Pat Smear in the first Decline says, "I don't like girls," but I think he says it as a joke. The time of that first Decline, I think, was very liberating for women. It was the first time I saw women dressing in combat boots and cutting their hair down to one inch and not giving a shit about their makeup. Decline II stands out as just being downright disgustingly misogynistic, and that's the way that time was. The groupies subscribed to it, and the guys went along with it. That's just what you did.
While you were making Wayne's World and Black Sheep, did you know you'd return to the Decline series?

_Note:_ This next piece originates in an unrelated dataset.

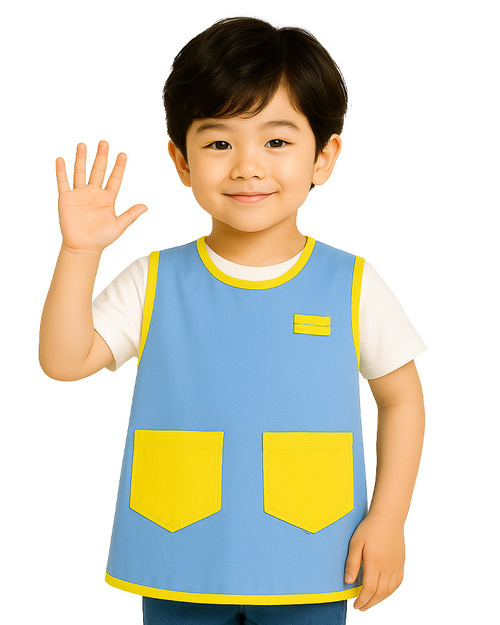 團體服樣式精選<br>幼兒園圍兜 無袖 訂製款 水藍配黃<span>BIC-00-32-Style</span>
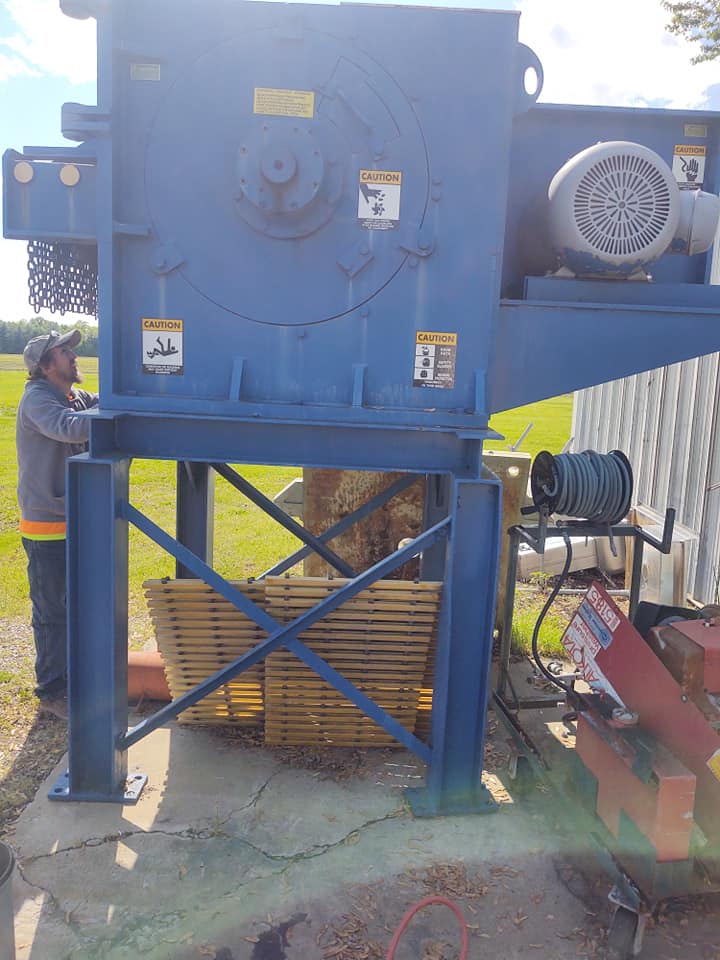 Arasmith MFG. Industrial wood chipper 3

I did know instinctively that doing the documentaries was more gratifying. But you get caught up in all that Hollywood crap. I'm actually really glad I had a movie [1998's Senseless] that didn't do so well. As a woman, once you have a movie that doesn't do well, that's it. But that was fine with me. I went, "You know what, why don't I just use this money I made to make my own documentary," which was Decline III. Then I couldn't get it distributed.
What happened?
I couldn't get any distribution. I was only offered deals where I would have to give up the rights to the first two movies. And I wasn't gonna do that. So I said, "OK, fine, it doesn't get distribution." I felt terrible. That's the movie of my whole career that I love the most, and I wasn't able to get it seen.
There's sadness and so much substance abuse through all three films. Was it hard filming people who were clearly bent on self-annihilation?
Even though I'm not traditionally religious, I always say, "God's in charge of life and death." Yes, sometimes—as a mother—I wanted to say, "Don't do that, you're gonna hurt yourself." But I never thought, "This guy's gonna die." I don't know who the hell's gonna die and who's gonna live. I can't believe I'm still alive.
SEE IT: The Decline of Western Civilization trilogy screens at Hollywood Theatre, 4122 NE Sandy Blvd., hollywoodtheatre.org, at 7:30 pm Friday (Part II) and Saturday (Parts I and III), Aug. 7-8. $8.